Accounting for Annonimization noise in Binary Target variable (Nlmixed)

This post was kindly contributed by BusinessKen - go there to comment and to read the full post.

I usually am emphatic that the best way to improve model quality is to GET BETTER DATA!. However, Yesterday I used advanced statistics (well advanced for the business world I am in) to address a data quality issue. The situation arises due to restrictions put by government on the use of prescription data put in the public domain. When the data reaches my computer it has been through several hands and on the was some intentional noise is introduced and the relevant information put into bands to protect the individual GP. The way the annonimization is introduced may not be treated as fully random and independent noise.

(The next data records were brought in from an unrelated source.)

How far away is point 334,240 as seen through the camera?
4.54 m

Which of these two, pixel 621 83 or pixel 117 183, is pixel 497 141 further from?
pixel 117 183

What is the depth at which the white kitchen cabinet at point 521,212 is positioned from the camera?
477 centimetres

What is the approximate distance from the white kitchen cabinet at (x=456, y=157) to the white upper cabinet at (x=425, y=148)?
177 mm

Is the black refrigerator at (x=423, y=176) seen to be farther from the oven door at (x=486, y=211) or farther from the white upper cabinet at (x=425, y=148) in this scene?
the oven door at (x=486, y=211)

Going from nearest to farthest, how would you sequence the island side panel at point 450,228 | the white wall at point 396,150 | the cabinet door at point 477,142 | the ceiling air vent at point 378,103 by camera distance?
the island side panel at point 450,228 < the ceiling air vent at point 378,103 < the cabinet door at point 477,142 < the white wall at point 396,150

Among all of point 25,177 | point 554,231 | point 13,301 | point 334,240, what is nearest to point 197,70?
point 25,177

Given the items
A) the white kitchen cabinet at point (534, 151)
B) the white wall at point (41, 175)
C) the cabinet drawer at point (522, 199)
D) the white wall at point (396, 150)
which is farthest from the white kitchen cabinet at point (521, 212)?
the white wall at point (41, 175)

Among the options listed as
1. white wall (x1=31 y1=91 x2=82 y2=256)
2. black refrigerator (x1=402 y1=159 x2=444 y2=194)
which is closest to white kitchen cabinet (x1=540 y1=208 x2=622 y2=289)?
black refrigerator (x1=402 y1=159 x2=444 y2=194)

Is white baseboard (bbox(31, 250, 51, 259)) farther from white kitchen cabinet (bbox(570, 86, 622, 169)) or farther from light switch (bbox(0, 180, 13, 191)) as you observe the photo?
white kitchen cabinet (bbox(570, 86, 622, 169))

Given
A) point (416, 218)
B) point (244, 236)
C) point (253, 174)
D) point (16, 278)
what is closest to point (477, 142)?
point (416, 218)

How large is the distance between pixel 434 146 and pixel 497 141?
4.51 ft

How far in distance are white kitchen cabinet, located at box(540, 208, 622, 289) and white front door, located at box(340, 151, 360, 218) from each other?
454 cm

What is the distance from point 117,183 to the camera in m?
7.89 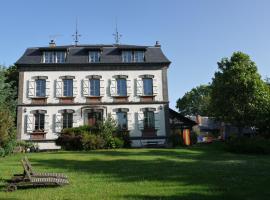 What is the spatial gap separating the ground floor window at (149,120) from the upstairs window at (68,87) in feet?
22.3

Usually I just define a binary target variable identifying the top 20% prescribers and fit a logistic regression explaining who are the big prescribers (or even better, who are the fastest growers). However, for a drug that has just been launched the rate of misscalsification in the data is too uncomfortable. About 30% of the prescribers are masked in the data handed to me as non-prescribers – Gahhhh! 
Lets say my binary target variable is called ‘Prescribed’ where 1 means at least one prescription in the period. It has two flavours the annonimized that I have and the true value that I wish I had. I can define two probabilities:
P1=P(True Prescibed=1|Annonimized Prescibed=1)
P0=P(True Prescibed=0|Annonimized Prescibed=0)
The less equal these probabilities are the more you should be worried even if both are relatively small.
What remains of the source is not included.